3
votes

I am trying to write a function that uses dplyr to count up all unique values of z. My function works fine when I have the variable actually named z. However, if the variable is named x, I get an error (below code).

test.data<-data.frame(y=c(1:10),
                  x=c(letters[1:10]))
test.data$x<-as.character(test.data$x)
obsfunction<-function(z,y,data){
filter_(data,
          !is.na(deparse(substitute(y))))%>%
    distinct_(., deparse(substitute(z)))%>% #the line that breaks it
    count_(.)
}
obsfunction(z=x,y,data=test.data)

So, the above code doesn't work and gives this error:

 >Error in eval(substitute(expr), envir, enclos) : unknown column 'z'

Changing z to x in the function (or renaming x as z) makes it work, but I don't want to have to rename everything, especially considering y works with different names.

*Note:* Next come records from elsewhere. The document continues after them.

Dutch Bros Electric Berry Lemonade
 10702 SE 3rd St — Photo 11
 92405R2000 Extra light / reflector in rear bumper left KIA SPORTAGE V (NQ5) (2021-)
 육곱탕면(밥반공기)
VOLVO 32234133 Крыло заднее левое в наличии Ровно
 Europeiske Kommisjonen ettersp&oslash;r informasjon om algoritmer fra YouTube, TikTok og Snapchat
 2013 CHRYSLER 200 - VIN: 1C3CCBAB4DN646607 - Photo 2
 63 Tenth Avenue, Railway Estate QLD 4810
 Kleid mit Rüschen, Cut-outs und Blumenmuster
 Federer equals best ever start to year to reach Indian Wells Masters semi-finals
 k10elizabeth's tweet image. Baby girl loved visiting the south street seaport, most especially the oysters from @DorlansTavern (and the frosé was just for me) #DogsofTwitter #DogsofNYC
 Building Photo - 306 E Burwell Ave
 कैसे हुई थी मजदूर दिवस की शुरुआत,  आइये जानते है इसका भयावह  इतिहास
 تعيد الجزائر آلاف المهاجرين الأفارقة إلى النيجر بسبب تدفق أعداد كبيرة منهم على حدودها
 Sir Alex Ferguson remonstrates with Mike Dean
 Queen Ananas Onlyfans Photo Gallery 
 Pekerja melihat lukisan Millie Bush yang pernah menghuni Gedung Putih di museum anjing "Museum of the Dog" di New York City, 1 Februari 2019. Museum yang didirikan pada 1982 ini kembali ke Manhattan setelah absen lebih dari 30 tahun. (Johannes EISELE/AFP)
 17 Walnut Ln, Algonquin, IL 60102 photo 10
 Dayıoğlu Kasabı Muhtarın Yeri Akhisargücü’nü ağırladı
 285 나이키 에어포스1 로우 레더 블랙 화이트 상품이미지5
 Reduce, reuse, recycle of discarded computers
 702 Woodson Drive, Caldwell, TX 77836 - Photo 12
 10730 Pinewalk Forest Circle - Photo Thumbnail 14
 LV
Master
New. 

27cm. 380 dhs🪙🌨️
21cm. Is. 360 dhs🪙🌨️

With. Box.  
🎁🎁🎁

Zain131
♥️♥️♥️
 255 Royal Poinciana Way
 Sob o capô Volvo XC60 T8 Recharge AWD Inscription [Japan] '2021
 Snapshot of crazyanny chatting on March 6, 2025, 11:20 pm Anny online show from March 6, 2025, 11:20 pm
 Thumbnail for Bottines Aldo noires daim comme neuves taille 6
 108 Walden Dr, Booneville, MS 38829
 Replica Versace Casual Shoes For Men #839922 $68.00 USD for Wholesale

I have tried lazyeval::interp and quote() per the vignette, this question, and this question.

distinct_(lazyeval::interp(as.name(z)))%>%
>Error in as.name(z) : object 'x' not found 

distinct_(quote(z))%>%
>Error in eval(substitute(expr), envir, enclos) : unknown column 'z' 

What am I missing? How do I get z to accept x as the column name?

3

3 Answers

3
votes

as dplyr standard evaluation understand strings, I tried the following code and with additional test data, it seems work. I first extracted variable name and then constructed expressions using character strings:

test.data<-data.frame(y=c(1:10),
                      x=c(letters[1:10]))
test.data$x<-as.character(test.data$x)

f <- function(z, y, data){
    z <- deparse(substitute(z))
    y <- deparse(substitute(y))
    res <- data %>% filter_(
        paste('!is.na(', y, ')', sep = '')) %>%
        distinct_(z) %>%
        count_(.)
}


x <- f(z = x, y, test.data)
# # A tibble: 1 × 1
#       n
# <int>
# 1    10



test.data <- data.frame(
    y=c(1:4, NA, NA, 7:10),
    x=c(letters[c(1:8, 8, 8)]),
    stringsAsFactors = F)

x <- f(z = x, y, test.data)
# # A tibble: 1 × 1
#       n
# <int>
# 1     6
2
votes

You can use match.call to capture function arguments and convert them to characters before passing to the dplyr SE functions:

obsfunction<-function(z, y, data){
    cl = match.call()
    y = as.character(cl['y'])
    z = as.character(cl['z'])

    data %>% filter_(paste('!is.na(', y, ')', sep = '')) %>%
             distinct_(z) %>%
             count_(.)
}

obsfunction(z = x, y = y, data = test.data)

# A tibble: 1 × 1
#      n
#  <int>
#1    10

obsfunction(x, y, test.data)

# A tibble: 1 × 1
#      n
#  <int>
#1    10
1
votes

Another lazyeval/dplyr variation where the variables are passed as formulas,and f_interp substitutes uq(x) with the formula passed to it, similar to deparse(substitute(x))

library(dplyr)
library(lazyeval)

test.data<-data.frame(y=c(1:10),
                  x=c(letters[1:10]))
test.data$x<-as.character(test.data$x)


obsfunction<-function(z, y, data){
  data %>% filter_(f_interp(~!is.na(uq(y)))) %>%
    distinct_(f_interp(~uq(z))) %>% count()
}

obsfunction(z=~x,~y,data=test.data)

 #A tibble: 1 × 1
 #     n
 #  <int>
 #1    10

test.data.NA <- data.frame(
  y=c(1:4, NA, NA, 7:10),
  x=c(letters[c(1:8, 8, 8)]),
  stringsAsFactors = FALSE)


obsfunction(z=~x,~y,data=test.data.NA)
 # # A tibble: 1 × 1
 #        n
 #      <int>
 # 1      6